Support grabbing the label (and group?) for each `subcoordinate_y` plot from the NdOverlay key

droumis commented 10 months ago

As @philippjfr described here, HoloViews should support grabbing the label for each subcoordinate_y plot from the NdOverlay key.

so something like this should just work:

import numpy as np
import holoviews as hv; hv.extension('bokeh')
from scipy.stats import gaussian_kde

categories = ['A', 'B', 'C', 'D', 'E']
data = {cat: np.random.normal(loc=i-2, scale=1.0, size=100) for i, cat in enumerate(categories)}
x = np.linspace(-5, 5, 100)

areas = {}
for i, (cat, values) in enumerate(data.items()):
    pdf = gaussian_kde(values)(x)

    area = hv.Area((x, pdf)).opts( # Not having to add a label per subplot
        subcoordinate_y=True, 
        subcoordinate_scale=1.5,
    )
    areas[cat] = area

ridge_plot_areas = hv.NdOverlay(areas).opts(
    width=900,
    height=400,
)

And produced something like this

droumis commented 8 months ago

Just checking which of my issues are still valid.

This is still a valid issue.

droumis commented 6 months ago

I'm closing this.. I am no longer convinced that this is obvious behavior.. For instance.. what if the key in the dict conflicts with a provided label?
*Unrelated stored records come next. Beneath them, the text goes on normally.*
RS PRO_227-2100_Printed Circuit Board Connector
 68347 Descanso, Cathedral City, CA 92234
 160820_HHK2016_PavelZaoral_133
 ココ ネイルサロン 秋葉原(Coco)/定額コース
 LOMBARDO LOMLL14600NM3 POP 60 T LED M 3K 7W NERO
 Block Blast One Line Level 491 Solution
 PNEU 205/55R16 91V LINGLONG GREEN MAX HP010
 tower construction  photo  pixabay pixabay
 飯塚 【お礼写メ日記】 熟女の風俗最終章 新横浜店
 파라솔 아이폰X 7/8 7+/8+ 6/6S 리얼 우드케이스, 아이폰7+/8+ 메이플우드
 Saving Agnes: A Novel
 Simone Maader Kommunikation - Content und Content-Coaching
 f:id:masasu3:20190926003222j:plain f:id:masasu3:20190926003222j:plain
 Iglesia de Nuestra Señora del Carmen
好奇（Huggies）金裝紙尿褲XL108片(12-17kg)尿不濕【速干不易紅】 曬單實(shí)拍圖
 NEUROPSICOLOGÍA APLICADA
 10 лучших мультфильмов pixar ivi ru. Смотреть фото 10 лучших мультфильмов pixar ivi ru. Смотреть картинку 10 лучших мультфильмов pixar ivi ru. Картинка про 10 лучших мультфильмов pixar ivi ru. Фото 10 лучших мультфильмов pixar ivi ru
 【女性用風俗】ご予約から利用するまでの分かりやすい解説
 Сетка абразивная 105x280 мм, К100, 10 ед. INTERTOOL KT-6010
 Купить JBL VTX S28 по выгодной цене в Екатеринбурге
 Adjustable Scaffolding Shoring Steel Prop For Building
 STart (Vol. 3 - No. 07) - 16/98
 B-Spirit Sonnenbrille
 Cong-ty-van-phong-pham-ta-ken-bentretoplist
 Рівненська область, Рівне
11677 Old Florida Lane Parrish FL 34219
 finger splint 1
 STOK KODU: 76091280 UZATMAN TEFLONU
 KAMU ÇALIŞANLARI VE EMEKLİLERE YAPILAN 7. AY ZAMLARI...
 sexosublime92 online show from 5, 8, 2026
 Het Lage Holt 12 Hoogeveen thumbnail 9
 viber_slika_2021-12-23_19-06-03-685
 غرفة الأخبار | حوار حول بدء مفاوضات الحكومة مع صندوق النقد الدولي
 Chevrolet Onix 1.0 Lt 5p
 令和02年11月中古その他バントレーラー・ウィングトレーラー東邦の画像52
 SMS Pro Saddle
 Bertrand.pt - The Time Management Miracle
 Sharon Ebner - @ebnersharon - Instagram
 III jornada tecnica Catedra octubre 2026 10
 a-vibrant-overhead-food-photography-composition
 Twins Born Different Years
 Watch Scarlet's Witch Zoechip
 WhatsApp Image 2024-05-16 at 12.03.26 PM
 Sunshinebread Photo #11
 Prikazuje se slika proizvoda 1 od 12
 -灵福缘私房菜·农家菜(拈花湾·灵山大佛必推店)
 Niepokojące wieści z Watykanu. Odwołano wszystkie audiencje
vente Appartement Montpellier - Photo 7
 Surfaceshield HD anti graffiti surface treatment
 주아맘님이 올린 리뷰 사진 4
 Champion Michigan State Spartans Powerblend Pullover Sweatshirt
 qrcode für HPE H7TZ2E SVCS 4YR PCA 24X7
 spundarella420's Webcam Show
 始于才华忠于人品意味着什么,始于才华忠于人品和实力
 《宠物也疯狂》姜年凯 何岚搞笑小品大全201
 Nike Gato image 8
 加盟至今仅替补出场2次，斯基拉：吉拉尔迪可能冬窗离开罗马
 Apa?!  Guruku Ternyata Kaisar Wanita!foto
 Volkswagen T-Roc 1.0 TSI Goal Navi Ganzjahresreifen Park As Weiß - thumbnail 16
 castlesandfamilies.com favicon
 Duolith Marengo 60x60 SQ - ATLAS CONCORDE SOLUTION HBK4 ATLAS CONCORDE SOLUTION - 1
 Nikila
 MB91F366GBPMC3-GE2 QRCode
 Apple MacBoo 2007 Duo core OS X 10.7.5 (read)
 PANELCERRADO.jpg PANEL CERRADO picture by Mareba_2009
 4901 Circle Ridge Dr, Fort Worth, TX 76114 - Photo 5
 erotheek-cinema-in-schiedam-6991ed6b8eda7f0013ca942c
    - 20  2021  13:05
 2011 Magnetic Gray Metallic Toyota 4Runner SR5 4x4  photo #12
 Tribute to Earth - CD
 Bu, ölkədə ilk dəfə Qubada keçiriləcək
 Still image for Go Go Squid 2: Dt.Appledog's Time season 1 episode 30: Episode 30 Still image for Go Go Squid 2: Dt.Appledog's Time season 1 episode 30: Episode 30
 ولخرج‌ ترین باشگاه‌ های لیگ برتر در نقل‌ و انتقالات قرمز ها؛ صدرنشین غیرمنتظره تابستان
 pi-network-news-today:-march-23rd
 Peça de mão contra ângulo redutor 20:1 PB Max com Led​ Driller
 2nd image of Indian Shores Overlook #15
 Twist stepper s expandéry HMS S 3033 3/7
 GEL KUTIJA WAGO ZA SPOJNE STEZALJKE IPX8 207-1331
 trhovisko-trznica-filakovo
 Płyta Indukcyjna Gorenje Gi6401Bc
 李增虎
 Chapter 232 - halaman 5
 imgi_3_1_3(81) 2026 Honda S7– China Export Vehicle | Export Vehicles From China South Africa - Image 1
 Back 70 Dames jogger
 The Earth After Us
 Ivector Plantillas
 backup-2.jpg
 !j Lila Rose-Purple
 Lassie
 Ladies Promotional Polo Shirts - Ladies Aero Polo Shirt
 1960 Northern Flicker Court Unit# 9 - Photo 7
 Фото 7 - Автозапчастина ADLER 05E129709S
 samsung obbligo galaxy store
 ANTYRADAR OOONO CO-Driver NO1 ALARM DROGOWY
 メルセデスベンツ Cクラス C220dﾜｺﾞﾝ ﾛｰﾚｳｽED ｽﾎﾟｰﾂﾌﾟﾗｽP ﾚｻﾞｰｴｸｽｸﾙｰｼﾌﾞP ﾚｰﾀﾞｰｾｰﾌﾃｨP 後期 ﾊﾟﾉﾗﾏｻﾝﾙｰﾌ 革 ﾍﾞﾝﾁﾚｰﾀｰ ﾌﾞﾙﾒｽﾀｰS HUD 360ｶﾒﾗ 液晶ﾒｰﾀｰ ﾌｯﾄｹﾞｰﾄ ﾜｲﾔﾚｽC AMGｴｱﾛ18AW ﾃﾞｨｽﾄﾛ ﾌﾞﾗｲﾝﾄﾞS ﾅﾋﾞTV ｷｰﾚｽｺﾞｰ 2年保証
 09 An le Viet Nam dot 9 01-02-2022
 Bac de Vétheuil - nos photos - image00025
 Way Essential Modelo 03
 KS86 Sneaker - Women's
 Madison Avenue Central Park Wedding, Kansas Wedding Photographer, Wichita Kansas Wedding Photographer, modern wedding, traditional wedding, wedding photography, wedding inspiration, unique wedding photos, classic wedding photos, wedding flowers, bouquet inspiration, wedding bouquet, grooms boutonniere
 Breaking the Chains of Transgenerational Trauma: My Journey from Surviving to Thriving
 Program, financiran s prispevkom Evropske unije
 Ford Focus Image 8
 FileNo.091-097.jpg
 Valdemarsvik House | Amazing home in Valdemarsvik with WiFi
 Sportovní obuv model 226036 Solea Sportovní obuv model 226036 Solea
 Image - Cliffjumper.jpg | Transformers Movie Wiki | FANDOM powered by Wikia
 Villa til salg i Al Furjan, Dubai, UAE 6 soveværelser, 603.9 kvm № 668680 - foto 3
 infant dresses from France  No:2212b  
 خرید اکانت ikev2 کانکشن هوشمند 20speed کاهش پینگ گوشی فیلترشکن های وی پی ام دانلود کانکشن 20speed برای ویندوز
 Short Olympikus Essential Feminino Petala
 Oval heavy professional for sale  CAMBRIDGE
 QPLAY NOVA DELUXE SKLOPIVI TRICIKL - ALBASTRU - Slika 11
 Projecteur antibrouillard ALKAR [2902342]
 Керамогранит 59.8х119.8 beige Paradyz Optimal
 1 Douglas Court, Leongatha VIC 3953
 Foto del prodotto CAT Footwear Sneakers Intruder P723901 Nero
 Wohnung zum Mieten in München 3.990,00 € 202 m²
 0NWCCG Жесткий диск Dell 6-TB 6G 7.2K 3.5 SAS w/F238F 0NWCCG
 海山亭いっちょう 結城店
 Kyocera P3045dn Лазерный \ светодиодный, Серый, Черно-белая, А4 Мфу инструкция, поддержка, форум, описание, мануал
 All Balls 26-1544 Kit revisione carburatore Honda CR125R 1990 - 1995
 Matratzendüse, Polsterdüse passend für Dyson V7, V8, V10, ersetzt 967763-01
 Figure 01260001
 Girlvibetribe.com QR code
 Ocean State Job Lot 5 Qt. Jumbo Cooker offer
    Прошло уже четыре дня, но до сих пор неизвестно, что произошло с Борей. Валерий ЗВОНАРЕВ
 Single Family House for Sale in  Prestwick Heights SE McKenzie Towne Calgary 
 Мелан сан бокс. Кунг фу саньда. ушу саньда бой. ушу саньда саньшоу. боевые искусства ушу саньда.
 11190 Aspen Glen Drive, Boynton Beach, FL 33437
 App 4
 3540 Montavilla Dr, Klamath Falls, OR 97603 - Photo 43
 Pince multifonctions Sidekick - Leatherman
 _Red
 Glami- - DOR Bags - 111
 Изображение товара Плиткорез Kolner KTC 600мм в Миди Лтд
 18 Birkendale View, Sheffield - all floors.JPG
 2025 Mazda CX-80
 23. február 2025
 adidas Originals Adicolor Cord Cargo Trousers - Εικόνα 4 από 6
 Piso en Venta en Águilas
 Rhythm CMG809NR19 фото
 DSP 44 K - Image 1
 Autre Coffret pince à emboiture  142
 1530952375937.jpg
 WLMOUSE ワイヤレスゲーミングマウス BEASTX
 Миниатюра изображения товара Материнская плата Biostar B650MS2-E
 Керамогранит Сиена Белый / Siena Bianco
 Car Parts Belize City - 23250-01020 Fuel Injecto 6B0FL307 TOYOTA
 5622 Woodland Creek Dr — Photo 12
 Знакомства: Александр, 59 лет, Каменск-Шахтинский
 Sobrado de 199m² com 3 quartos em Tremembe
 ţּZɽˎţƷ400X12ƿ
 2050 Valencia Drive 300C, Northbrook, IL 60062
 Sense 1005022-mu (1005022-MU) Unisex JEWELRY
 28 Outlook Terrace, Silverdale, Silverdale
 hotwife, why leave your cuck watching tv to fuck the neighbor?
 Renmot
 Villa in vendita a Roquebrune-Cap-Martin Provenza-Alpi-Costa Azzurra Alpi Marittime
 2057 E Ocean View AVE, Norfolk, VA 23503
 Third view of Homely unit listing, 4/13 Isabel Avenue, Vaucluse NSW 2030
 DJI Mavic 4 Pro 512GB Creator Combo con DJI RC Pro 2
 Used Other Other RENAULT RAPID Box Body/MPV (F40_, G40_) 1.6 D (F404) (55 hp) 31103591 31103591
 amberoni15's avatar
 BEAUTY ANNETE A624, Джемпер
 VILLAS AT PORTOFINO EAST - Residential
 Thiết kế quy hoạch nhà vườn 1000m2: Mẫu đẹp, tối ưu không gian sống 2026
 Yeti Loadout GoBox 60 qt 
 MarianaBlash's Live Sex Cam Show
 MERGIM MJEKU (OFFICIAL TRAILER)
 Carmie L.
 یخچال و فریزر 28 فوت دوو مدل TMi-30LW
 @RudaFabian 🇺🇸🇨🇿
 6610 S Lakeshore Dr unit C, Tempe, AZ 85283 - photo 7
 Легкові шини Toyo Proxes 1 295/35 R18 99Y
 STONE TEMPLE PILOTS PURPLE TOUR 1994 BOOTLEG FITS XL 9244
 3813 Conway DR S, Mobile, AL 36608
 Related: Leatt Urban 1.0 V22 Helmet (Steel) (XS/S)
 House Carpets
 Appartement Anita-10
I don't think it's that much more work to just set the label per element

philippjfr commented 6 months ago

I do think this is important, often you will create this view by grouping a dataset by some dimension and those operations will produce an NdOverlay with the values along that dimension (e.g. channels). Adding labels would be pretty cumbersome.

droumis commented 6 months ago

I'm trying to think through the implementation of this a bit more.

My interpretation of what you mean by 'grouping a dataset by some dimension' is something like calling .overlay, correct?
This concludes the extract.